>>>

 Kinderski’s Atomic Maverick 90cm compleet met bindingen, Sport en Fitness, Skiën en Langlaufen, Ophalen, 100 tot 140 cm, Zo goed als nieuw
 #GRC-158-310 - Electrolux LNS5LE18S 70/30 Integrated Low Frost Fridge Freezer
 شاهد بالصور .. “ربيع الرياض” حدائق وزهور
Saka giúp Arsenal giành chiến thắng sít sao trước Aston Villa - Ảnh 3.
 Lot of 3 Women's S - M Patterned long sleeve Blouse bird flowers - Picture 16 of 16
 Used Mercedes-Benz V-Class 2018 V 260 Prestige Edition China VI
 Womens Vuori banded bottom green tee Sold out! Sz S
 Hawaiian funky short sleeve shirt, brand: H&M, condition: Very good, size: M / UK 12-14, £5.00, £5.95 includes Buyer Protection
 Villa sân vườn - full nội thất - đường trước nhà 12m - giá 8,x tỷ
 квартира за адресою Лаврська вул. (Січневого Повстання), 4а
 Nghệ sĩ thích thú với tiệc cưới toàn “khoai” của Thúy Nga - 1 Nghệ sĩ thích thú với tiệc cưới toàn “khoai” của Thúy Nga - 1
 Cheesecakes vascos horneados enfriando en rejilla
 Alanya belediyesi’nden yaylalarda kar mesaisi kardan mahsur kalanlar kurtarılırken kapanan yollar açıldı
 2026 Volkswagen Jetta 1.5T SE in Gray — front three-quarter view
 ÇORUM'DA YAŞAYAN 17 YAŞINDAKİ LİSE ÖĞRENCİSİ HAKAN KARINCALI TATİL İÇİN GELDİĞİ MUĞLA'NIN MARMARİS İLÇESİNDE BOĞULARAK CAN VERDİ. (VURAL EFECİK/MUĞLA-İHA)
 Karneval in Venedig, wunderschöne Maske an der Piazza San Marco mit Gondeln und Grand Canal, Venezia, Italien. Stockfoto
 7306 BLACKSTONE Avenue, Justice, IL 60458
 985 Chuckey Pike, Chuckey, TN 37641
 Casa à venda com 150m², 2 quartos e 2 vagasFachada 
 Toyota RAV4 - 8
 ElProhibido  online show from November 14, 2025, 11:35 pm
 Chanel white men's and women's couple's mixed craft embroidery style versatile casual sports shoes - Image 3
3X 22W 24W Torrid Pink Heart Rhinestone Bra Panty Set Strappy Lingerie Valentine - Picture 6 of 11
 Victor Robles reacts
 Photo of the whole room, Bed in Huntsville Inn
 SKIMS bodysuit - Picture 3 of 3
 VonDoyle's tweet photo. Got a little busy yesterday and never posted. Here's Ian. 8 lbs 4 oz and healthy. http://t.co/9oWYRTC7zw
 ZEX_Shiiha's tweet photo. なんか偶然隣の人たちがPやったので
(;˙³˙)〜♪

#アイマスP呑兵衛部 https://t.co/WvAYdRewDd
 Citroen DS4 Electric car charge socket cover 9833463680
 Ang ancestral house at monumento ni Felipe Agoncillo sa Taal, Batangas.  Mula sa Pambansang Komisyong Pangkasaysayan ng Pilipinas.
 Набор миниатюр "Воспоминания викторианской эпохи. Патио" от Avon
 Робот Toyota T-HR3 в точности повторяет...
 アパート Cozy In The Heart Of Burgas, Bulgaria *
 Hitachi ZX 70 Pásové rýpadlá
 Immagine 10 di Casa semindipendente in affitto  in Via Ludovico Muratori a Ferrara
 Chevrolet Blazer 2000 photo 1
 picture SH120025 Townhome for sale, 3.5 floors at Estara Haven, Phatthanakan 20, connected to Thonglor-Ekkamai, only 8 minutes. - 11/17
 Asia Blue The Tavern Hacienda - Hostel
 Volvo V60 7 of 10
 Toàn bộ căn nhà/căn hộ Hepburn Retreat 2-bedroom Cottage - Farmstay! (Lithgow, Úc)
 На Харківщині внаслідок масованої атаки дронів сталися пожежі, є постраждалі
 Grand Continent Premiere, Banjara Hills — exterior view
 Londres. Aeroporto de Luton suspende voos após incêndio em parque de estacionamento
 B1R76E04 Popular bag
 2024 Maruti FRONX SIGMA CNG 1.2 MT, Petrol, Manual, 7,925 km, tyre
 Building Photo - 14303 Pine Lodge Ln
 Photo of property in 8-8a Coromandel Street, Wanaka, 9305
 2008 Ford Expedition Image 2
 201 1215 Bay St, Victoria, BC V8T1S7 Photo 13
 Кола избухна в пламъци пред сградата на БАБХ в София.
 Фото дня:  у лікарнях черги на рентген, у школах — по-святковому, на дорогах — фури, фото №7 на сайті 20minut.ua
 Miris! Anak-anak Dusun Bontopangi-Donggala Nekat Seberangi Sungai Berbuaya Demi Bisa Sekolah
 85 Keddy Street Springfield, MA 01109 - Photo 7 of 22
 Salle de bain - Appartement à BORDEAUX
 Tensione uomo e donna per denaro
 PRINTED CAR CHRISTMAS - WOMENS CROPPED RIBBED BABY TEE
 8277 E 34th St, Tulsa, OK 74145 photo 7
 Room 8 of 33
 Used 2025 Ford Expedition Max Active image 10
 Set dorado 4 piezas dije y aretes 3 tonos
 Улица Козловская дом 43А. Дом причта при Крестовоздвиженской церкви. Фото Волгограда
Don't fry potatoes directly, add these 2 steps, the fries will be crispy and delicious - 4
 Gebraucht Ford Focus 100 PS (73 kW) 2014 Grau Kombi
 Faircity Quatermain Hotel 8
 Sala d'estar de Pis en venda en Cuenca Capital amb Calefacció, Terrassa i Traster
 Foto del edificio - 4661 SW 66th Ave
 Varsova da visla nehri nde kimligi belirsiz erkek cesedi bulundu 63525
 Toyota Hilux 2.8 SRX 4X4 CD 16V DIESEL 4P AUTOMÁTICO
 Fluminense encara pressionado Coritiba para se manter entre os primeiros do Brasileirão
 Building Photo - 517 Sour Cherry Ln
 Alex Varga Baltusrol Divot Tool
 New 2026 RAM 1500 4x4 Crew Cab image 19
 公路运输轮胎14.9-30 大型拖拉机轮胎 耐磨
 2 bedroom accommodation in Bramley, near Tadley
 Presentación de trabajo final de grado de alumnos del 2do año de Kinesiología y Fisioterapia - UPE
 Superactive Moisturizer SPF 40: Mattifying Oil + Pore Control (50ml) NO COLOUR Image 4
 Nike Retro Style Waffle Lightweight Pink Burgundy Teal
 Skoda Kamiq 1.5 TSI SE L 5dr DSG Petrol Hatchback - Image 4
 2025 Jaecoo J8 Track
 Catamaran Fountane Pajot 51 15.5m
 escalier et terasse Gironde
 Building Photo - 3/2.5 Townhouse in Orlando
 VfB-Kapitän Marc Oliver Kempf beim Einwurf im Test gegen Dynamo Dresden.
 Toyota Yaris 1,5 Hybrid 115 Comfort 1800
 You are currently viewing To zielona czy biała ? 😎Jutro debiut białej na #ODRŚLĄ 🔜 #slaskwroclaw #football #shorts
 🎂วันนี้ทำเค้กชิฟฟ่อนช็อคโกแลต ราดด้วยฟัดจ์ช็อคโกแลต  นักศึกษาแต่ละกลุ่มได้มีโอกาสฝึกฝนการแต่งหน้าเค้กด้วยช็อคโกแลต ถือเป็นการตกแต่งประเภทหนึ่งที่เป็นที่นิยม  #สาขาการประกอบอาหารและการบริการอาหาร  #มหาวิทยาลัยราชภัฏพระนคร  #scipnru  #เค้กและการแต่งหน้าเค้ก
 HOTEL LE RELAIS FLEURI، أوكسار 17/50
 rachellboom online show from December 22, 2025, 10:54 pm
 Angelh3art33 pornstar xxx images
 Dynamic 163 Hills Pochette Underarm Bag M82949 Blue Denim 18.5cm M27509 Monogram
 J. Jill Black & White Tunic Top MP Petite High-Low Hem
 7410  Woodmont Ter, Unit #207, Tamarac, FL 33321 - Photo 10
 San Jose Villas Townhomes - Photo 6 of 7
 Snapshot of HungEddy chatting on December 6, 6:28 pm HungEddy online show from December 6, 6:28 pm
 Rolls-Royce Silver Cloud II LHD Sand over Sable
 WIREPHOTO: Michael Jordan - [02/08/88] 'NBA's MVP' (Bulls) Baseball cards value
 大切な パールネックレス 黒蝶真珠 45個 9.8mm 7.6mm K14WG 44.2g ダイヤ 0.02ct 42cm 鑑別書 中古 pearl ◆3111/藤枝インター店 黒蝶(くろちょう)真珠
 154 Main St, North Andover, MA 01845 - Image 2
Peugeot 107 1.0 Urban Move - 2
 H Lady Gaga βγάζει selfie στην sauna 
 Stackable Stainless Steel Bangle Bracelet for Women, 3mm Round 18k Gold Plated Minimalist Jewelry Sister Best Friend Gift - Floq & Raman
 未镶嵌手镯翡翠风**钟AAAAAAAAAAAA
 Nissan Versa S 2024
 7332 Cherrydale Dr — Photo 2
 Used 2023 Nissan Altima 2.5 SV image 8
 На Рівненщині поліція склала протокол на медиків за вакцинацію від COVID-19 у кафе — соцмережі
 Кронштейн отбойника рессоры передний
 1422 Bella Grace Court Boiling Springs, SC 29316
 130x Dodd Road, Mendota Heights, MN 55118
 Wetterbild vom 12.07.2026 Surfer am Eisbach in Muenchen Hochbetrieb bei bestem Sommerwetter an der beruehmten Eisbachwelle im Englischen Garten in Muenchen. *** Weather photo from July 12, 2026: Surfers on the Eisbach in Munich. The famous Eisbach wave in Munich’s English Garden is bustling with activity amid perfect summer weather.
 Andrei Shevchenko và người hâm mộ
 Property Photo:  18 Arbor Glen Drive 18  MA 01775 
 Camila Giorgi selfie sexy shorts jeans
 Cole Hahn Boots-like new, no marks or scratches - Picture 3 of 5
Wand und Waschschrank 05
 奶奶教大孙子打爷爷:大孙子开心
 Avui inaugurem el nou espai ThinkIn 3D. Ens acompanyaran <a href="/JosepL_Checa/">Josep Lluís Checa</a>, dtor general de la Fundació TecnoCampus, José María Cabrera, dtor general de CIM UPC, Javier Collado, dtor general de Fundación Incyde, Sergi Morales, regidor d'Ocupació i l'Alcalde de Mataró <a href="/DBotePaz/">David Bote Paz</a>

<<<

WHAT TO DO → Output exactly the span of lines beginning at the first line of the records and ending at the line that holds "Saka giúp Arsenal", inclusive, with no other text.

EXERCISE SOLUTION →
 Kinderski’s Atomic Maverick 90cm compleet met bindingen, Sport en Fitness, Skiën en Langlaufen, Ophalen, 100 tot 140 cm, Zo goed als nieuw
 #GRC-158-310 - Electrolux LNS5LE18S 70/30 Integrated Low Frost Fridge Freezer
 شاهد بالصور .. “ربيع الرياض” حدائق وزهور
Saka giúp Arsenal giành chiến thắng sít sao trước Aston Villa - Ảnh 3.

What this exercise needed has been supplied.